→ **EXERCISE INSTRUCTIONS**
Reproduce only the lines of the material below that start at the line containing "医学書・医学専門書等の買取" and stop at the line containing "LONDON STREET ART ANTHOLOGY". Keep both end lines.

→ **RECORDS FOR THIS TASK**
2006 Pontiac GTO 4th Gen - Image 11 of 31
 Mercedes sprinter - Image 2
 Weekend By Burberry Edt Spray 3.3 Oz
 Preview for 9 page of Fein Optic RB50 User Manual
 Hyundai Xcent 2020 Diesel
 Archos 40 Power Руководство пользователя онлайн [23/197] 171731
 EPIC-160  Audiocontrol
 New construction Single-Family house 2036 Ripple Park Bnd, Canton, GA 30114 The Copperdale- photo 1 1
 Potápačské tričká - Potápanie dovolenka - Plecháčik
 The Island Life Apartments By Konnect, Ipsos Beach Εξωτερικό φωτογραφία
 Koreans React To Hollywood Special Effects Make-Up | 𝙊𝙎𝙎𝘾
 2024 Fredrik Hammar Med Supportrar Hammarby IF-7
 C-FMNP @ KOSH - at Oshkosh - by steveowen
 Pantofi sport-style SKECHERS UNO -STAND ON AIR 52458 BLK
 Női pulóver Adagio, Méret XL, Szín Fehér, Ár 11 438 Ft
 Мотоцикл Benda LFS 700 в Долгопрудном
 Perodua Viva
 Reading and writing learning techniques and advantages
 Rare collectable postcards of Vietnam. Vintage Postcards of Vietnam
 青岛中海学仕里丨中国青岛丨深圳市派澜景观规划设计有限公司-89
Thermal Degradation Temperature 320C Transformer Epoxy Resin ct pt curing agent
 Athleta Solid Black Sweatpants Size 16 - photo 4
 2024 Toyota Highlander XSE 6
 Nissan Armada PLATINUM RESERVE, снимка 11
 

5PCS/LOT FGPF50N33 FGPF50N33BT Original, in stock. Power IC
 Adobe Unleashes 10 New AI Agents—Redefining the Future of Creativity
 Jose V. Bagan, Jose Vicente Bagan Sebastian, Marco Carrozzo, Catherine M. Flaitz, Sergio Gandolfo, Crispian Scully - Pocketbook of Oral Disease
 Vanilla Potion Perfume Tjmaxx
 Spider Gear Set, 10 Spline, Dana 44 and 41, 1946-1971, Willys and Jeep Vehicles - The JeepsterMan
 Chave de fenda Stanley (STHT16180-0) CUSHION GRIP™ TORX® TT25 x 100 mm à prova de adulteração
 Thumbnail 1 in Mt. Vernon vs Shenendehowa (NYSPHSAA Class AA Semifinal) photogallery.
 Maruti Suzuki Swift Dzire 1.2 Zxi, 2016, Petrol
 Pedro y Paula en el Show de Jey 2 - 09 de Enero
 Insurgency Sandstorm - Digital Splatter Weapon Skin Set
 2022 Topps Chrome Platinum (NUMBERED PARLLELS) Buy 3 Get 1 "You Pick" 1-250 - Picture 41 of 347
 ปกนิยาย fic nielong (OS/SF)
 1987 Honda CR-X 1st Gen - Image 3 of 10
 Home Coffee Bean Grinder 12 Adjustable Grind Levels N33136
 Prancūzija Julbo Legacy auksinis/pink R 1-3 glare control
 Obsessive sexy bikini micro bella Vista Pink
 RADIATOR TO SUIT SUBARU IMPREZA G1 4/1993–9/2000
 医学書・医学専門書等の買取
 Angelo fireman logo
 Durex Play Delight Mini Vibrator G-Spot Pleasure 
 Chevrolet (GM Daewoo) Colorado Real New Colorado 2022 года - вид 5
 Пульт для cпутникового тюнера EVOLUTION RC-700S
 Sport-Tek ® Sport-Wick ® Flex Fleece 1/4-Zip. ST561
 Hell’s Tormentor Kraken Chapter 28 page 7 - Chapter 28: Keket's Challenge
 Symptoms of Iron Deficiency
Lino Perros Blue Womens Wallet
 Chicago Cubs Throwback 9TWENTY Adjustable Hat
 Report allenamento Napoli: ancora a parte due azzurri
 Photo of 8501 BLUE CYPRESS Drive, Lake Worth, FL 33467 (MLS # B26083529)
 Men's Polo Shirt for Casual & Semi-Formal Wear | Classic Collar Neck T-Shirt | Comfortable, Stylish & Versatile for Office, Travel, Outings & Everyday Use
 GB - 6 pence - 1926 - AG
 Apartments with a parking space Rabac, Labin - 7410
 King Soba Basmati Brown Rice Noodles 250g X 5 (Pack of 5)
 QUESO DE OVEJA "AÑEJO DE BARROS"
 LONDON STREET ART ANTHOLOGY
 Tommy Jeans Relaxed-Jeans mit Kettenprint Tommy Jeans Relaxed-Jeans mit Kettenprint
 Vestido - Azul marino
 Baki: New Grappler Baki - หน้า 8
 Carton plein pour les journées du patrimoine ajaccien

→ **RESPONSE TO THE EXERCISE**
 医学書・医学専門書等の買取
 Angelo fireman logo
 Durex Play Delight Mini Vibrator G-Spot Pleasure 
 Chevrolet (GM Daewoo) Colorado Real New Colorado 2022 года - вид 5
 Пульт для cпутникового тюнера EVOLUTION RC-700S
 Sport-Tek ® Sport-Wick ® Flex Fleece 1/4-Zip. ST561
 Hell’s Tormentor Kraken Chapter 28 page 7 - Chapter 28: Keket's Challenge
 Symptoms of Iron Deficiency
Lino Perros Blue Womens Wallet
 Chicago Cubs Throwback 9TWENTY Adjustable Hat
 Report allenamento Napoli: ancora a parte due azzurri
 Photo of 8501 BLUE CYPRESS Drive, Lake Worth, FL 33467 (MLS # B26083529)
 Men's Polo Shirt for Casual & Semi-Formal Wear | Classic Collar Neck T-Shirt | Comfortable, Stylish & Versatile for Office, Travel, Outings & Everyday Use
 GB - 6 pence - 1926 - AG
 Apartments with a parking space Rabac, Labin - 7410
 King Soba Basmati Brown Rice Noodles 250g X 5 (Pack of 5)
 QUESO DE OVEJA "AÑEJO DE BARROS"
 LONDON STREET ART ANTHOLOGY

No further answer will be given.